We present Wasserstein Adaptive Value Estimation for Actor-Critic (WAVE), an approach to enhance stability in deep reinforcement learning through adaptive Wasserstein regularization. Our method addresses the inherent instability of actor-critic algorithms by incorporating an adaptively weighted Wasserstein regularization term into the critic's loss function. We prove that WAVE achieves $\mathcal{O}\left(\frac{1}{k}\right)$ convergence rate for the critic's mean squared error and provide theoretical guarantees for stability through Wasserstein-based regularization. Using the Sinkhorn approximation for computational efficiency, our approach automatically adjusts the regularization based on the agent's performance. Theoretical analysis and experimental results demonstrate that WAVE achieves superior performance compared to standard actor-critic methods.

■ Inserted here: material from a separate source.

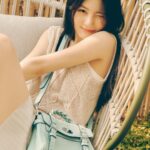 Shin Ye-eun Instagram - #MulberryEngland 👜💼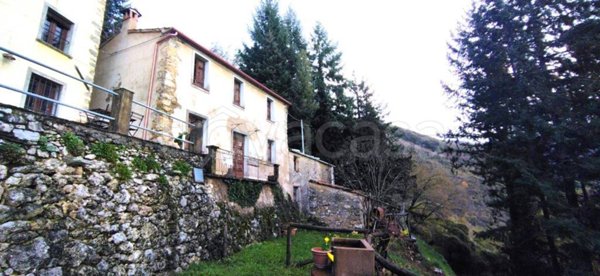 casa indipendente in vendita a Camaiore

翻译：我们提出了基于Wasserstein距离的自适应价值估计的Actor-Critic方法（WAVE），这是一种通过自适应Wasserstein正则化来增强深度强化学习稳定性的方法。我们的方法通过在评论家的损失函数中引入一个自适应加权的Wasserstein正则化项，解决了Actor-Critic算法固有的不稳定性问题。我们证明了WAVE能够实现评论家均方误差的$\mathcal{O}\left(\frac{1}{k}\right)$收敛速率，并通过基于Wasserstein距离的正则化提供了稳定性的理论保证。为了提高计算效率，我们采用了Sinkhorn近似，使我们的方法能够根据智能体的性能自动调整正则化强度。理论分析和实验结果表明，与标准的Actor-Critic方法相比，WAVE实现了更优越的性能。